Exercise description: Please give the lines below again exactly as they stand, from the one that contains "Tesla Model 3 - Thumbnail 8" up to and including the one that contains "Local en arriendo", leaving all pictures out.

Study material:
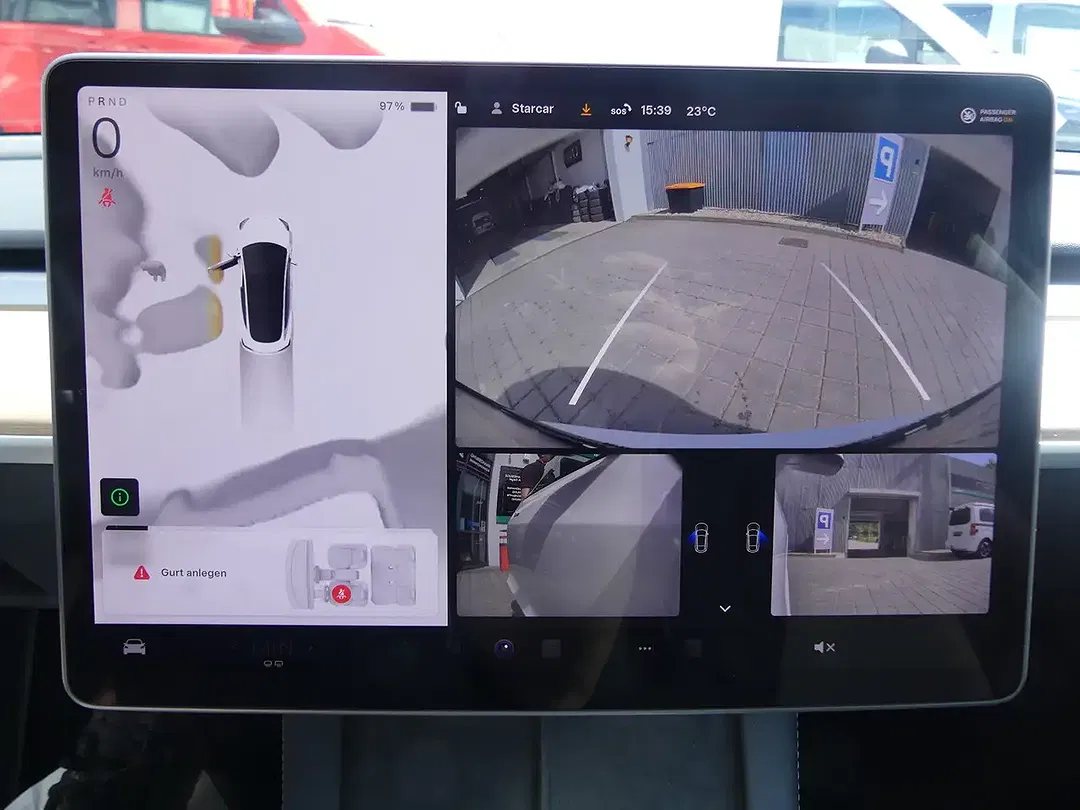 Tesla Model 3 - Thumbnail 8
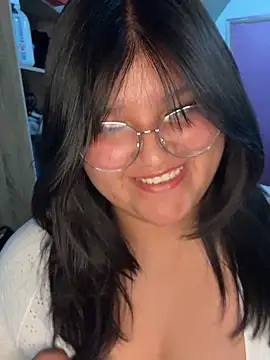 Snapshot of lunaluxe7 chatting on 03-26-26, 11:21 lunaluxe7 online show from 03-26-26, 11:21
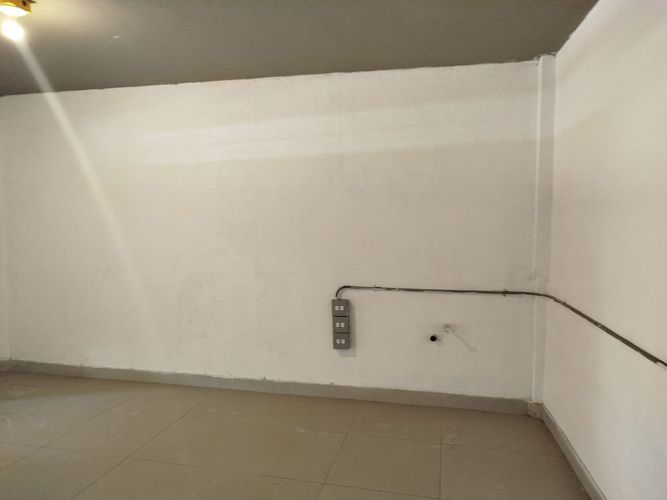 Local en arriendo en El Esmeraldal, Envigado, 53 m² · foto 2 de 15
--
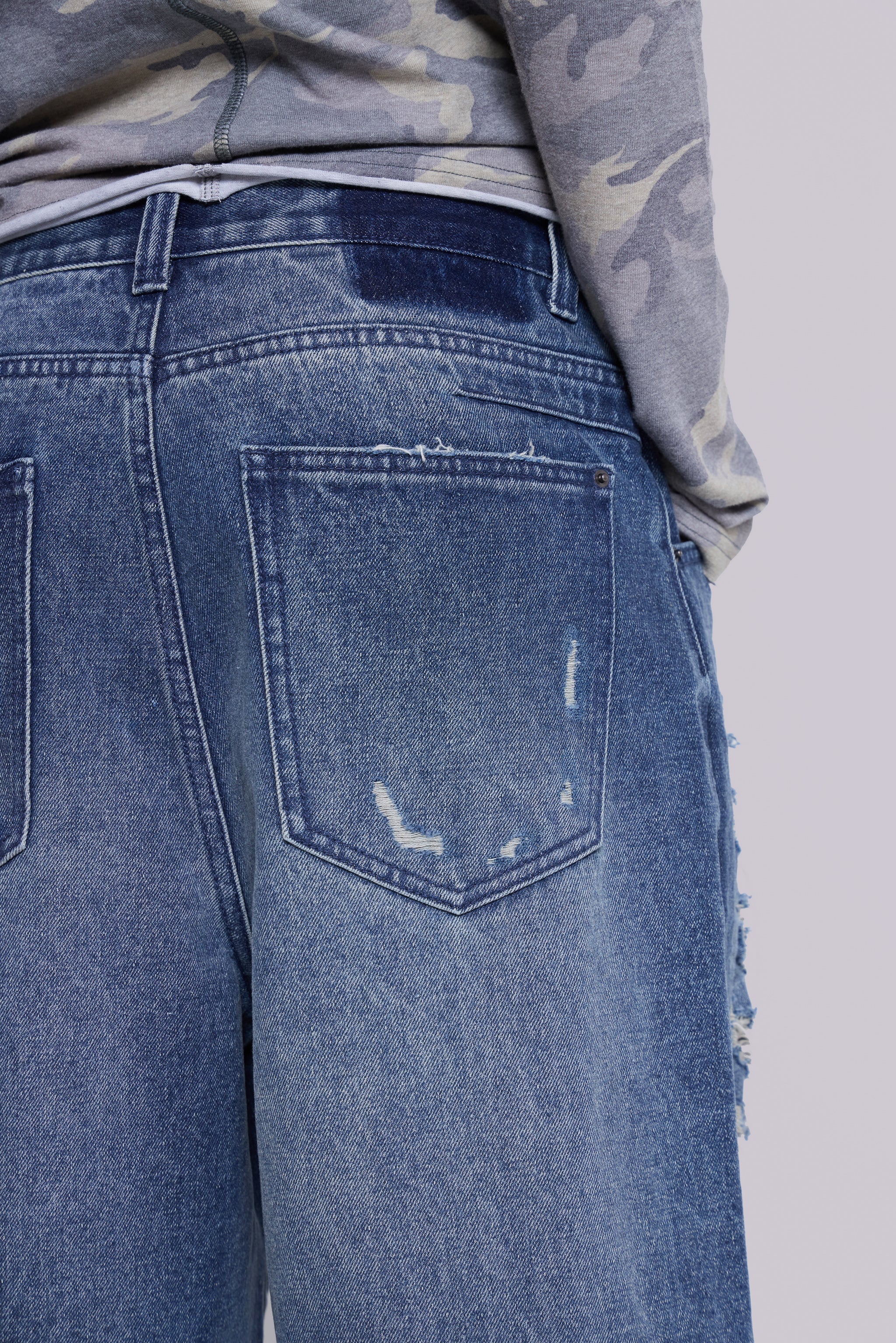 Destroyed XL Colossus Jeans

Solution to this task:
 Tesla Model 3 - Thumbnail 8
 Snapshot of lunaluxe7 chatting on 03-26-26, 11:21 lunaluxe7 online show from 03-26-26, 11:21
 Local en arriendo en El Esmeraldal, Envigado, 53 m² · foto 2 de 15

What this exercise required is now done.